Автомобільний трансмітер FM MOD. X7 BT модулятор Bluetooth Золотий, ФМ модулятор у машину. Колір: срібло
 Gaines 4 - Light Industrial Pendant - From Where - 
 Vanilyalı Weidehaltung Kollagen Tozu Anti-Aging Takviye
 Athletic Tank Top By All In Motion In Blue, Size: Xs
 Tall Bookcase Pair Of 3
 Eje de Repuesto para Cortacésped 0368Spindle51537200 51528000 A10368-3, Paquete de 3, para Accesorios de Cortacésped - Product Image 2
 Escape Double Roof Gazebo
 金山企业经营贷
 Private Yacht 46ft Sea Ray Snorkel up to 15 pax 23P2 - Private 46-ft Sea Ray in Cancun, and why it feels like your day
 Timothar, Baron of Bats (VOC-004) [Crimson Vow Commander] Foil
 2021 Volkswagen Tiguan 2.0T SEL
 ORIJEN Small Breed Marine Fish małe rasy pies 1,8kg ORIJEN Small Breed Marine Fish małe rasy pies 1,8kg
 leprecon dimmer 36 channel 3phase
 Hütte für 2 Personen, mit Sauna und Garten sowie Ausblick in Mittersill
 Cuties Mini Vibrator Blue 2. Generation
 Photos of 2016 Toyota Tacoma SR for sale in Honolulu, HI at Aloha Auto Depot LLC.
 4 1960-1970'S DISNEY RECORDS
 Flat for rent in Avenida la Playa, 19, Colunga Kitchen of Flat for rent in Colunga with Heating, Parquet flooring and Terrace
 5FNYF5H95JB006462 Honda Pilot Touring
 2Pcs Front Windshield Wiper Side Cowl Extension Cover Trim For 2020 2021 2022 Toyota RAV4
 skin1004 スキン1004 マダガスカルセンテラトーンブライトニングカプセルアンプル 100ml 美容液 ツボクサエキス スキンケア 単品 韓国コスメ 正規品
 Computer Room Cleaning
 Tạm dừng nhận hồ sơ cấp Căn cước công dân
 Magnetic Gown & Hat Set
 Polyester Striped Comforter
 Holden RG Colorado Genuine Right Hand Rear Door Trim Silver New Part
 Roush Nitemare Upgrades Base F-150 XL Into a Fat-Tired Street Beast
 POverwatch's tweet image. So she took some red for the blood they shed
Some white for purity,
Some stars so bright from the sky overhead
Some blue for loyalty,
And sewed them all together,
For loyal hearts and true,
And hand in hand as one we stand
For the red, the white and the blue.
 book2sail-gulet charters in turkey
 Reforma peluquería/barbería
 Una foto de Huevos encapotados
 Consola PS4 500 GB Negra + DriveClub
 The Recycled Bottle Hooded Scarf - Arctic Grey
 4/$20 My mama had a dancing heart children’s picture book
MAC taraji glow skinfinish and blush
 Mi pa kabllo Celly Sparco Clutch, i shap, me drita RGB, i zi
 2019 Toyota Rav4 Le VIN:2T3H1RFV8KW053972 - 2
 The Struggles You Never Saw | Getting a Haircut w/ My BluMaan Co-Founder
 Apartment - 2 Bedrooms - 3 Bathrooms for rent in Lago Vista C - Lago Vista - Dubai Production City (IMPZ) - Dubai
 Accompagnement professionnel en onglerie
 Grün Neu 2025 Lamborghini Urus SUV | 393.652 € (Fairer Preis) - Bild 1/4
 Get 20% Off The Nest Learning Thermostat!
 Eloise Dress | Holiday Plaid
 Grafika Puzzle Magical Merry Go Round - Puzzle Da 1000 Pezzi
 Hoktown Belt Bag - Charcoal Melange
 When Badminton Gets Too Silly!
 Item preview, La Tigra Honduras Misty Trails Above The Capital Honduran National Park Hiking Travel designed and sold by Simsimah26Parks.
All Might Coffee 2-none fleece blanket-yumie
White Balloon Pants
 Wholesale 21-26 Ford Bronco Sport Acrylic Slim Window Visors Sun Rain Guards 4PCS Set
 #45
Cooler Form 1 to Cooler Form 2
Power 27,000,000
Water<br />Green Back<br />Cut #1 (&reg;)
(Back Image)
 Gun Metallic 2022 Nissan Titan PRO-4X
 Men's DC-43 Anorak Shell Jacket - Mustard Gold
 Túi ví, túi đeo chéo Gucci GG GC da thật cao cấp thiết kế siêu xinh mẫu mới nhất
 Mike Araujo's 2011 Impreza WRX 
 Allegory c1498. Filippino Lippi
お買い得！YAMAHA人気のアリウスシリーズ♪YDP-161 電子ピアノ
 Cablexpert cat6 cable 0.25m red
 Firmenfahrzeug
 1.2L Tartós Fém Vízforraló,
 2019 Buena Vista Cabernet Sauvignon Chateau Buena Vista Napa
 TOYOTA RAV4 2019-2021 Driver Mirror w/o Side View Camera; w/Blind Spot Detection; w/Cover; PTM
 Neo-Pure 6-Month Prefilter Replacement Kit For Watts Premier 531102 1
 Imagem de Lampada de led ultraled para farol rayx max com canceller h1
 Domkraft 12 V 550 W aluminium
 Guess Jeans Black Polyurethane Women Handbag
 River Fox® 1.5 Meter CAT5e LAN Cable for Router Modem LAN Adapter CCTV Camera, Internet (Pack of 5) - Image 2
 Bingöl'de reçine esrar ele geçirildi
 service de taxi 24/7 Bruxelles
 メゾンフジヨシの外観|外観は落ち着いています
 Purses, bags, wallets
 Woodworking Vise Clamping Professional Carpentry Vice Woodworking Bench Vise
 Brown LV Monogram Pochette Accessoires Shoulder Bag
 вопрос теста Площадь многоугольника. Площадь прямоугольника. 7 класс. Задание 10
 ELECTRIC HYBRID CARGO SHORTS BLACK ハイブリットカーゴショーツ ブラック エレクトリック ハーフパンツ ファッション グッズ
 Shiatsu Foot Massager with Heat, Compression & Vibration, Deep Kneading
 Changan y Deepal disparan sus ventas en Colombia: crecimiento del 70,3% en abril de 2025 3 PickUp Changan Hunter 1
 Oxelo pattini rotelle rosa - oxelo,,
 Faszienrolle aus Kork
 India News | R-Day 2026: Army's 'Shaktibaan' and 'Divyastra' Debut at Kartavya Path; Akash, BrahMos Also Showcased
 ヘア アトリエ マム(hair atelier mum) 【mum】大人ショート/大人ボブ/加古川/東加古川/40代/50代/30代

□ □ □

*TASK DESCRIPTION*
Of the lines above, show those in which "Back" appears.

*RESULT FOR THIS TASK*
Water<br />Green Back<br />Cut #1 (&reg;)
(Back Image)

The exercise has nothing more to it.